We had quite a long ways to go an many a place to see before we would return home dat evening. Fus, on de way to Bordeaux we plan to stop by de ol Plantations at Filamingo Pon an de ol Plantation in Fortuna to pick up whatever treasure we could fine along de way den continue on to Botney Bay an clean out de treasure doung dere befo we dig up de big one at Bordeaux an bring it home.
My secret hope was dat we would only fine a likkle bit of treasure along de way, quick quick so dat we would’n fine ourself all de way doung Bordeaux after de night fall in de ol winswep an abandoned ruins doung dere in de in de pitch black dark night.

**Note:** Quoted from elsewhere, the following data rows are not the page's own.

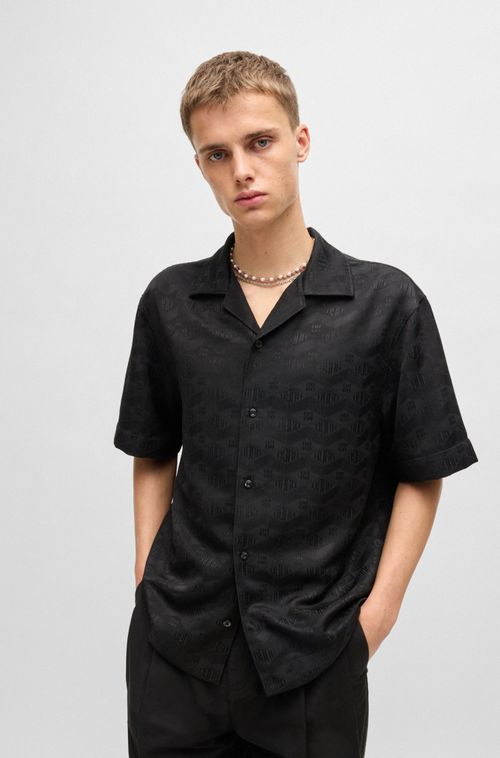 Camisa Oversized Em Jacquard De Logo Geométrico
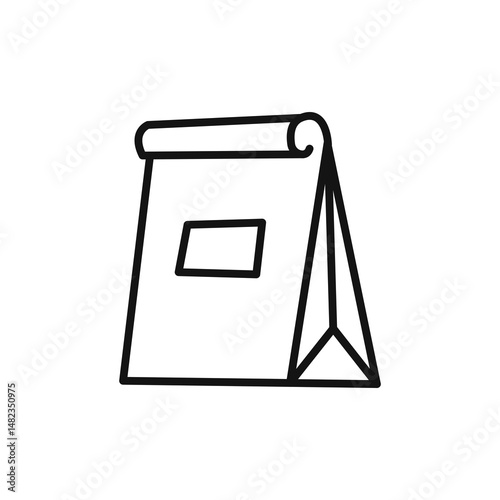 Take out food bag icon on white background. Editable stroke.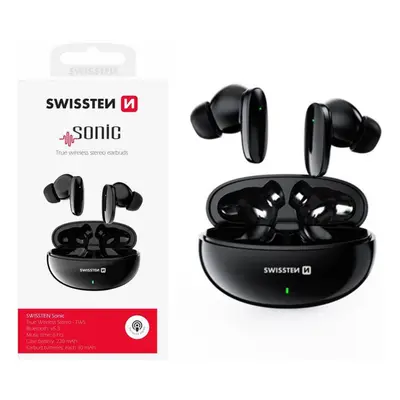 Sluchátka SWISSTEN SONIC s bluetooth TWS, černá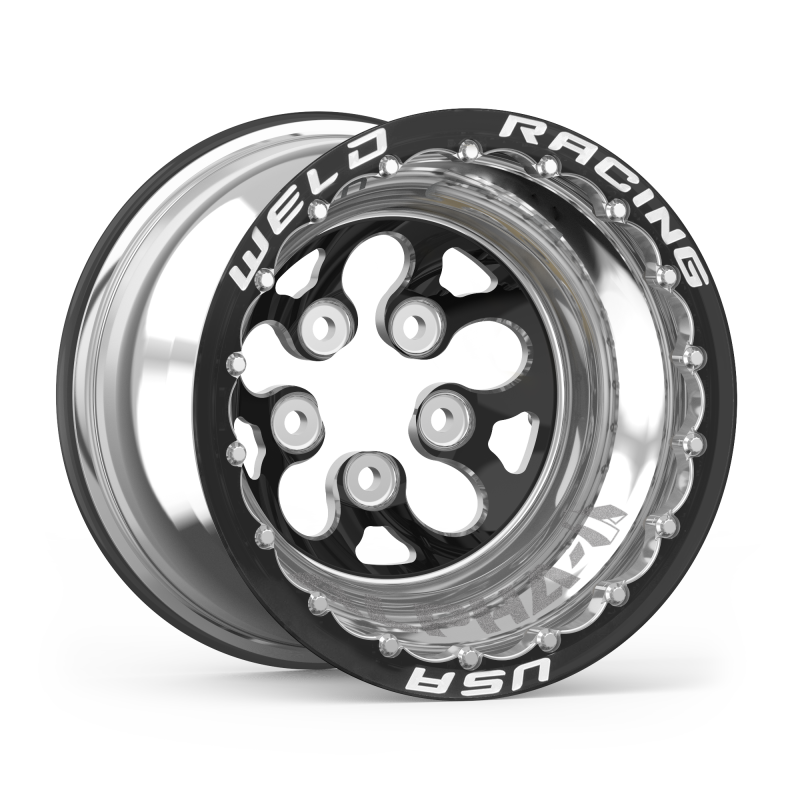 Weld Alpha-1 15x13 / 5x4.5 BP / 3in BS Black Wheel - Black Double Beadlock MT - DTX Performance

Now, I kno how tu preten tu be brave when people watchin jus like anybody else, but lemme tell yu sumting, I have seen almost grown man bawlout fo de muddah when dey tink a Jumbie hol dem or see a Jumbie commin. An boy don tink fo a minute dat doung dae ain de home a Jumbie, hundreds a dem an more. (Jumbie like sanfly) De minute de sun go down an shadows fall on dem, de Jumbie dem come pourin up out de groun an dropping doung ou de tree to see wha goin on… Laad meboy, yu don’t wan to be de ting dey fine. Jumbie frum all part a de worl me boy every one a dem wan to climb up in yu brains an take ovah de driving.
Jumbie fighting Jumbie all jumble up an top a one annudah, Carib Jumbie, trying to eat up de Arawak Jumbie wha fighting wid de Spaniard Jumbie who fighting wid de Cha Cha Jumbie who fightin wid de English Jumbie who clashin wid de Dane man and de wild eye African Jumbie an all a dem fighting wid Black tooth de Pirate Jumbie excepin if somebody who ain dead fall in wid dem, den every las one a dem Jumbie gon jump on he to see who could suck out he eye an climb in he coconut tu come back to life.
Das wha de Jumbie wan tu do yuh kno, take ovah yu coconut, an jump on yu donkey and go back town an preten like he is you, an take away yu wife an yu girlfrien, Yes man dat happens all de time.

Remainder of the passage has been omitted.